EXERCISE AIM: What you return should be only the lines in the entries below between the one holding "Missing Someone: A" and the one holding "Franco Albini Italian", ends included, with every picture left out.

INFORMATION PROVIDED:

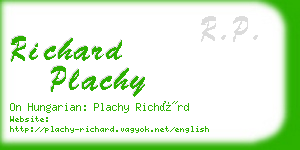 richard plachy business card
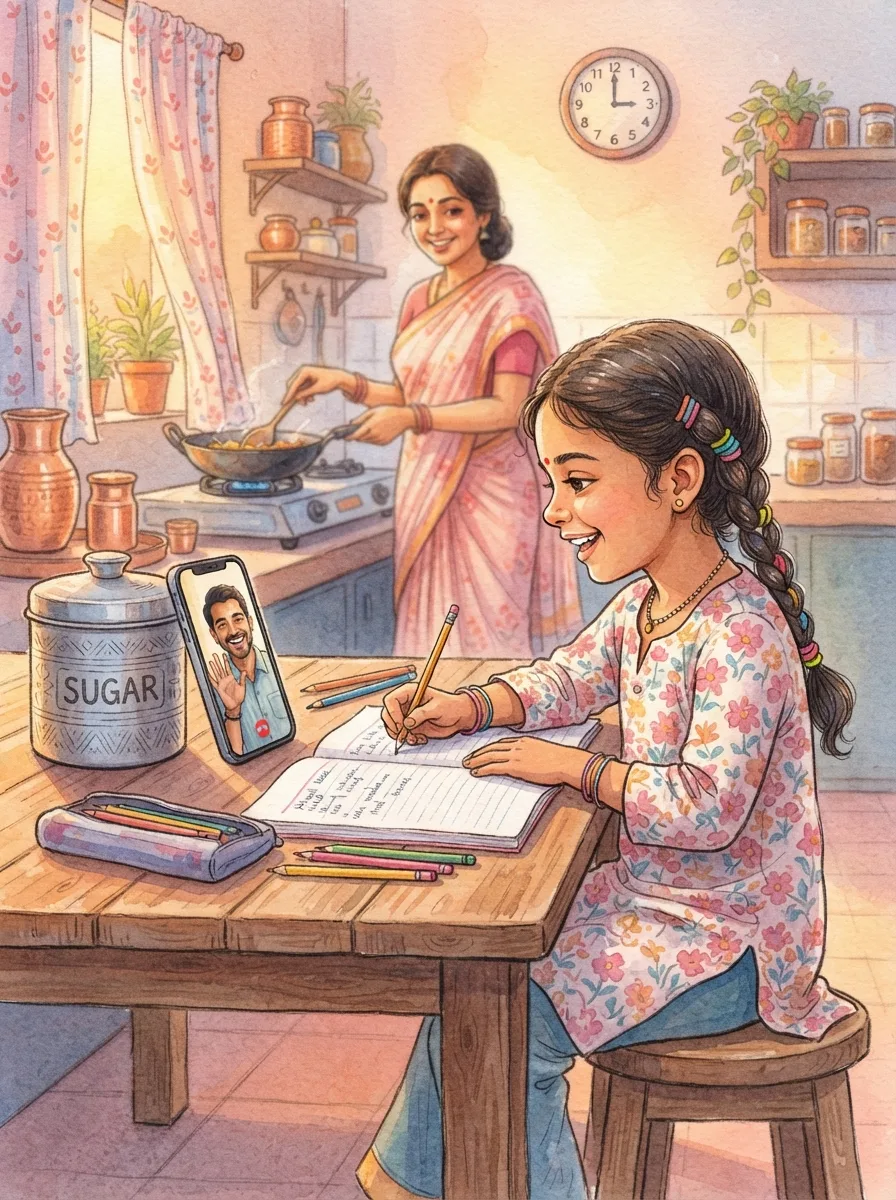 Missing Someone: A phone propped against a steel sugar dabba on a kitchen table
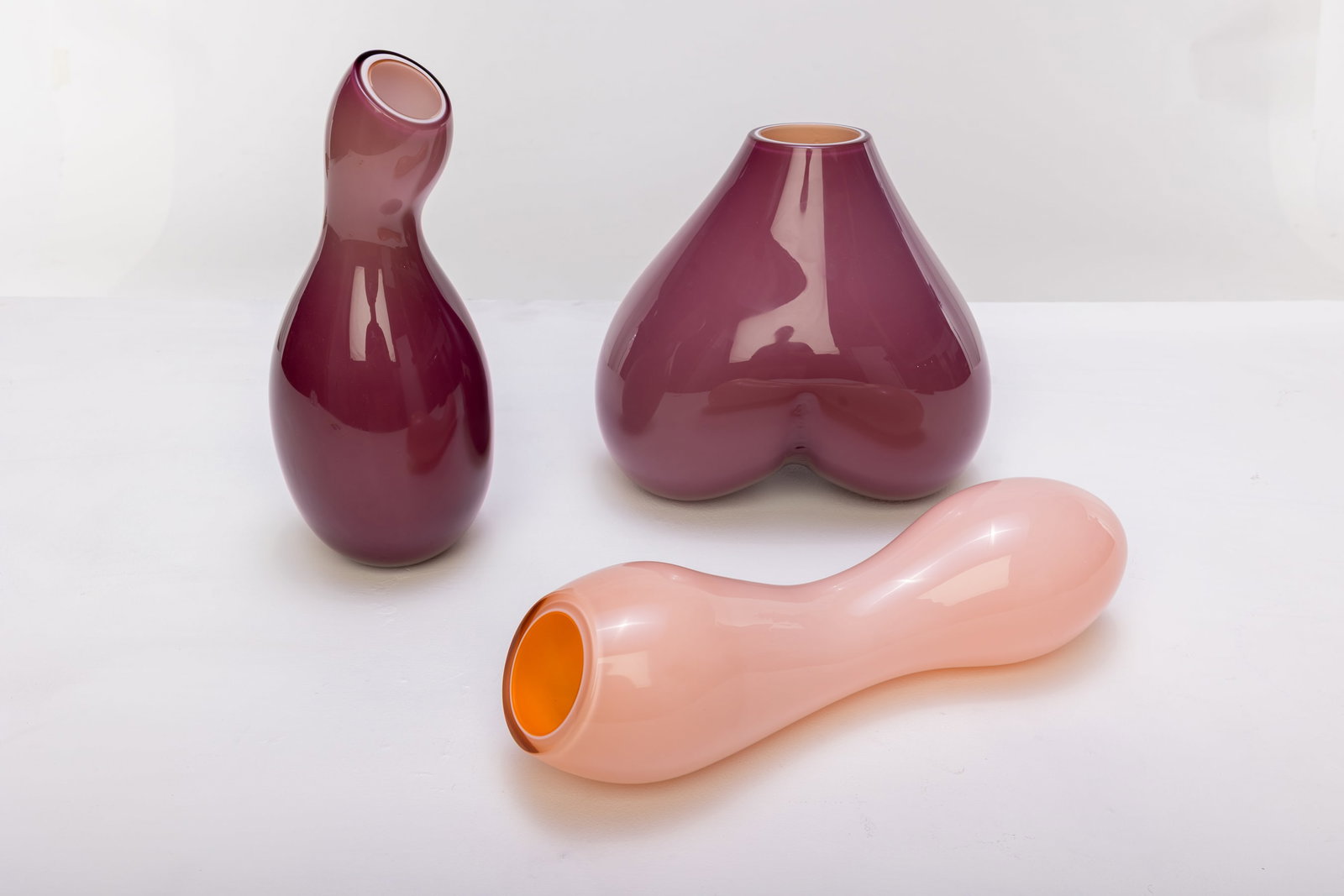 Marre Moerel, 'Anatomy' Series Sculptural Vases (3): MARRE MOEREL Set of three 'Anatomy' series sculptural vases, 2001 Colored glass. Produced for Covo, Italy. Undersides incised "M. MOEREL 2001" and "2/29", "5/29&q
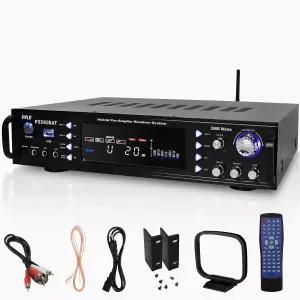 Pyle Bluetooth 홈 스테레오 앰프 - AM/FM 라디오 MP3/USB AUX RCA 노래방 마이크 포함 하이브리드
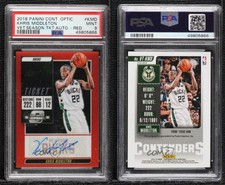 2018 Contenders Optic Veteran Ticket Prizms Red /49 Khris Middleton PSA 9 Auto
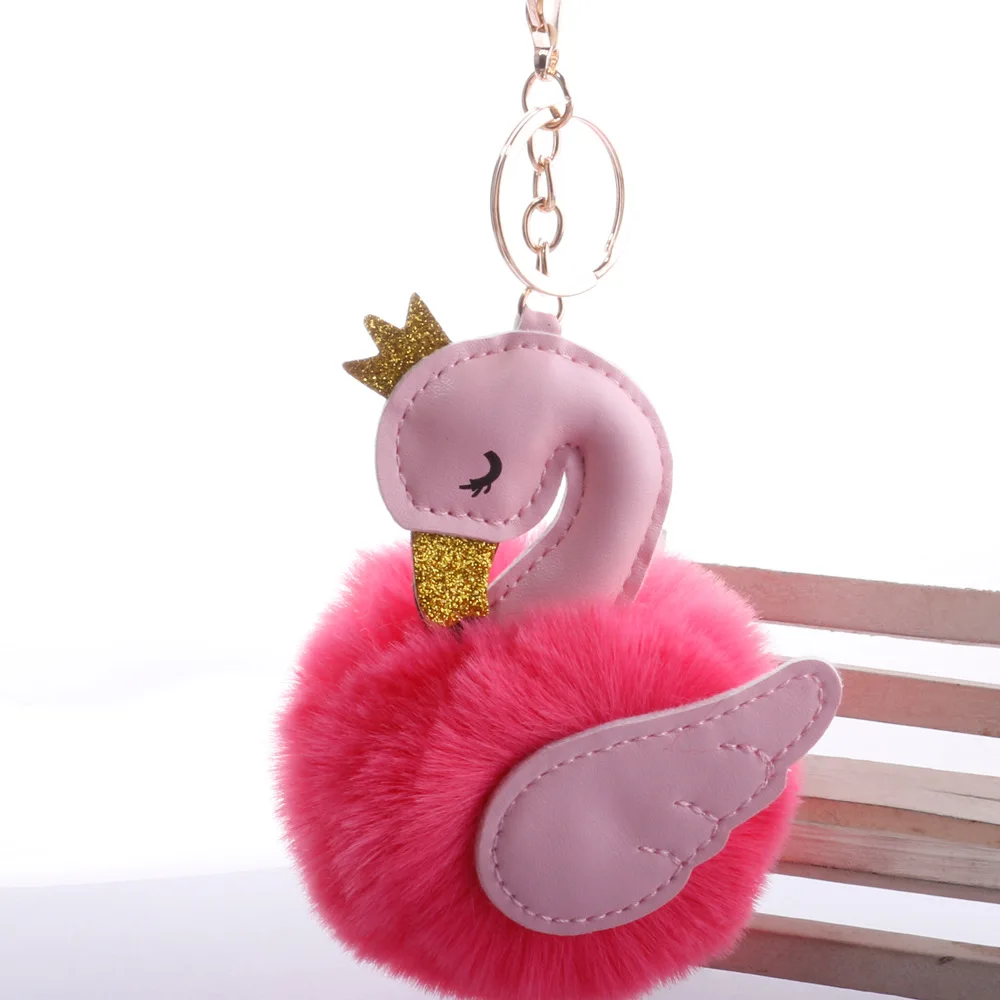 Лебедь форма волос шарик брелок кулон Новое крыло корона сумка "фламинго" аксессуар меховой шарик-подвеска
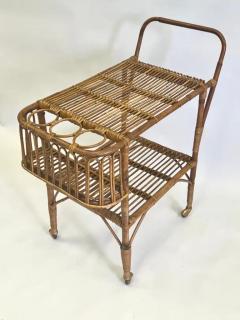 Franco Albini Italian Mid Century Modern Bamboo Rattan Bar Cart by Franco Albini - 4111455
--
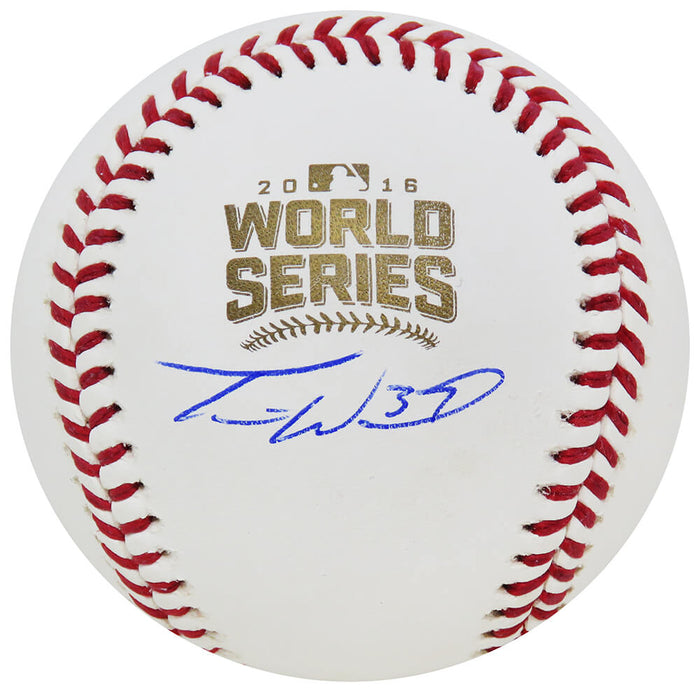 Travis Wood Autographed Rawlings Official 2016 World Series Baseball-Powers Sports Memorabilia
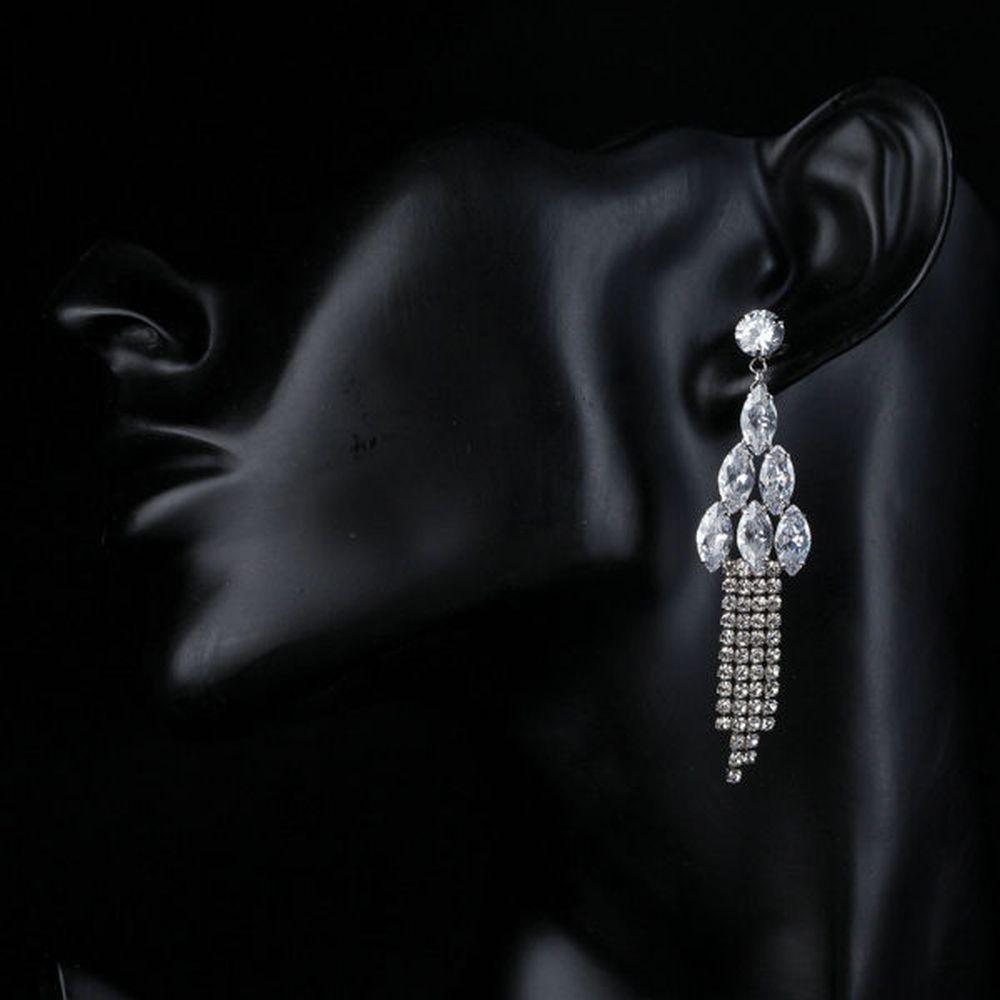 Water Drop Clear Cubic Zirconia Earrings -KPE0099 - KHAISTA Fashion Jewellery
* * *
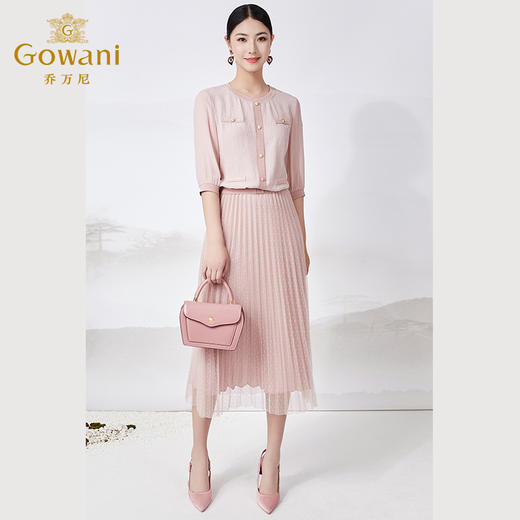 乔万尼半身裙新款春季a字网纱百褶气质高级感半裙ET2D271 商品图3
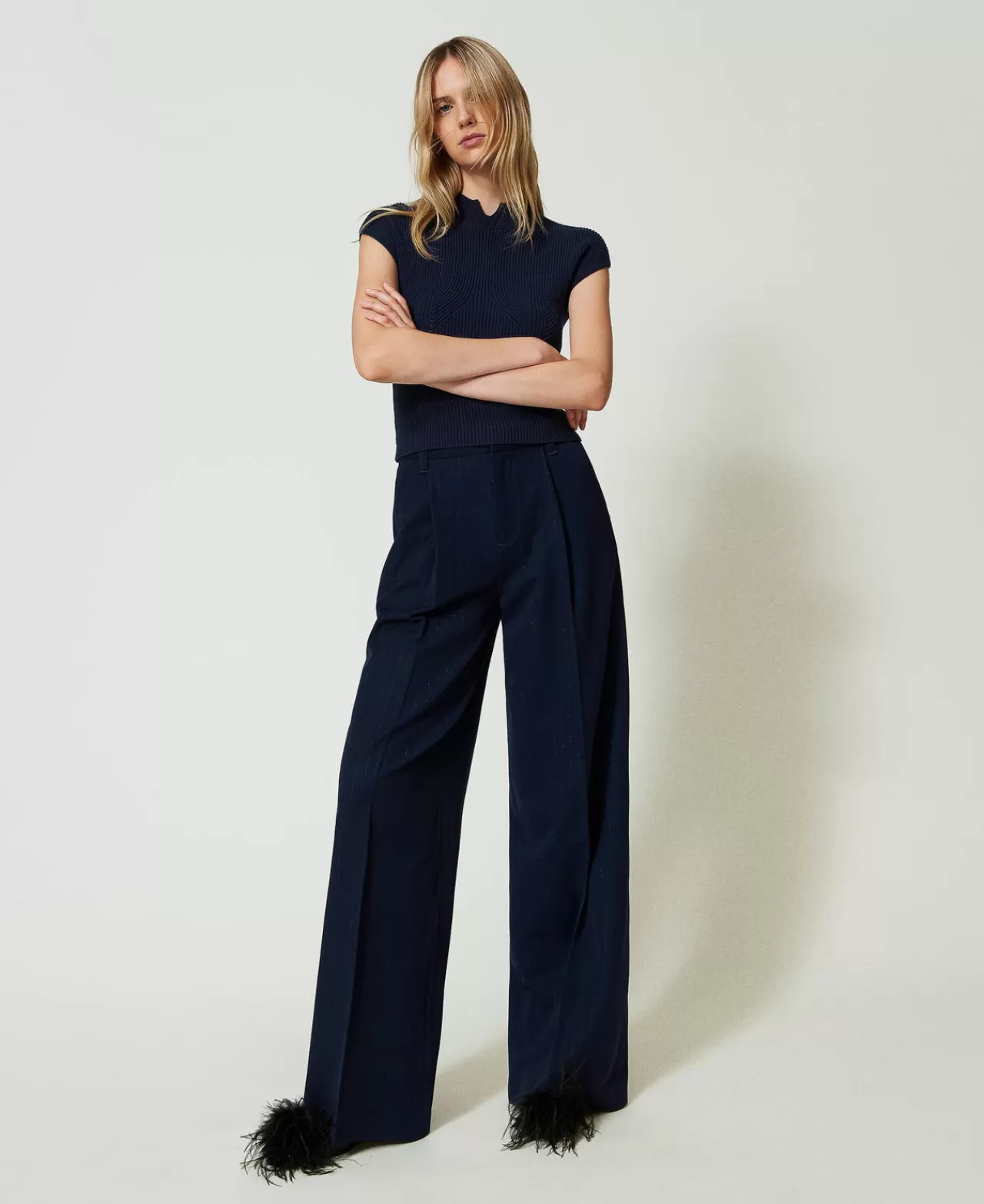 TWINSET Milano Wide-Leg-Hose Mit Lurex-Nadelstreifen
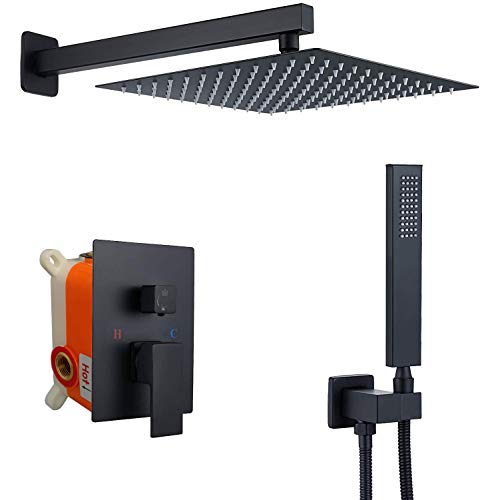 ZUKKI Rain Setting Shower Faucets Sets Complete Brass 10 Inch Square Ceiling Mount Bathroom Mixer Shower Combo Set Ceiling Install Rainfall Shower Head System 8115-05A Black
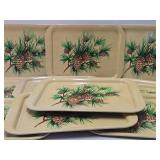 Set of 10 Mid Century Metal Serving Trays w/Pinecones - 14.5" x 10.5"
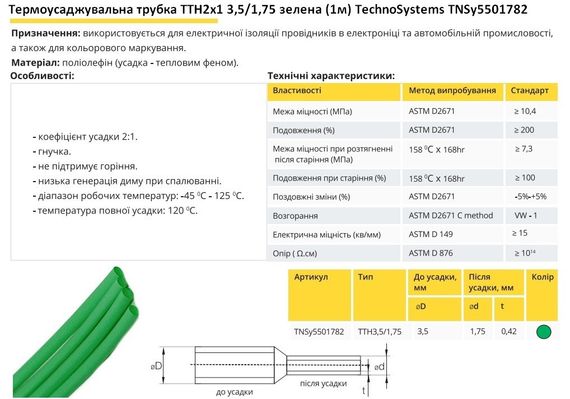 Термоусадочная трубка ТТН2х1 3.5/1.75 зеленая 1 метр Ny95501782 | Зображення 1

ANSWER BELOW:
 Missing Someone: A phone propped against a steel sugar dabba on a kitchen table
 Marre Moerel, 'Anatomy' Series Sculptural Vases (3): MARRE MOEREL Set of three 'Anatomy' series sculptural vases, 2001 Colored glass. Produced for Covo, Italy. Undersides incised "M. MOEREL 2001" and "2/29", "5/29&q
 Pyle Bluetooth 홈 스테레오 앰프 - AM/FM 라디오 MP3/USB AUX RCA 노래방 마이크 포함 하이브리드
 2018 Contenders Optic Veteran Ticket Prizms Red /49 Khris Middleton PSA 9 Auto
 Лебедь форма волос шарик брелок кулон Новое крыло корона сумка "фламинго" аксессуар меховой шарик-подвеска
 Franco Albini Italian Mid Century Modern Bamboo Rattan Bar Cart by Franco Albini - 4111455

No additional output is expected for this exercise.